## Work item
One part of the entries below is wanted: the lines from the one containing "Snoopy - Happy Easter Raamsticker (Huis)" through the one containing "Trà giảm cân HERBESAN Minceur hộp 20 túi lọc". Write those out exactly and nothing else.

## Data for analysis
━━━━━━━━

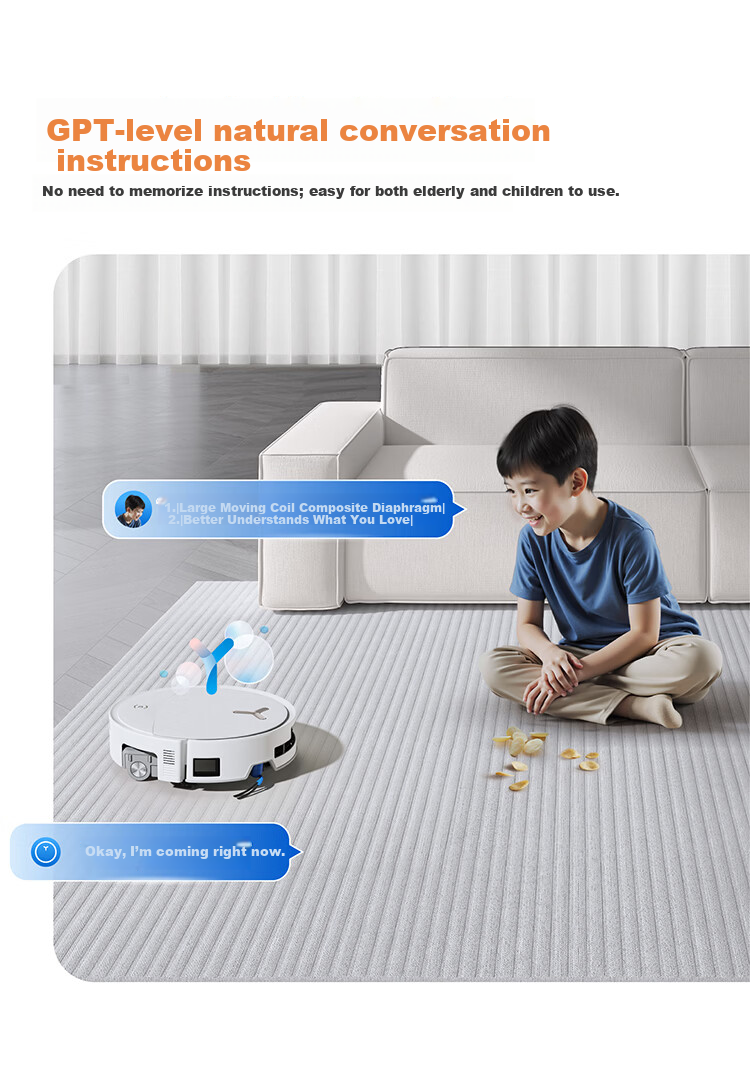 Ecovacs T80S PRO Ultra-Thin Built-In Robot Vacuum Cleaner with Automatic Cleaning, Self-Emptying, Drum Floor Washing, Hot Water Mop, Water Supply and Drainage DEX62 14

━━━━━━━━

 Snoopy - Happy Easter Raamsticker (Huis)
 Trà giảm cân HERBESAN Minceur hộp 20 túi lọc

━━━━━━━━

## Output of the task
 Snoopy - Happy Easter Raamsticker (Huis)
 Trà giảm cân HERBESAN Minceur hộp 20 túi lọc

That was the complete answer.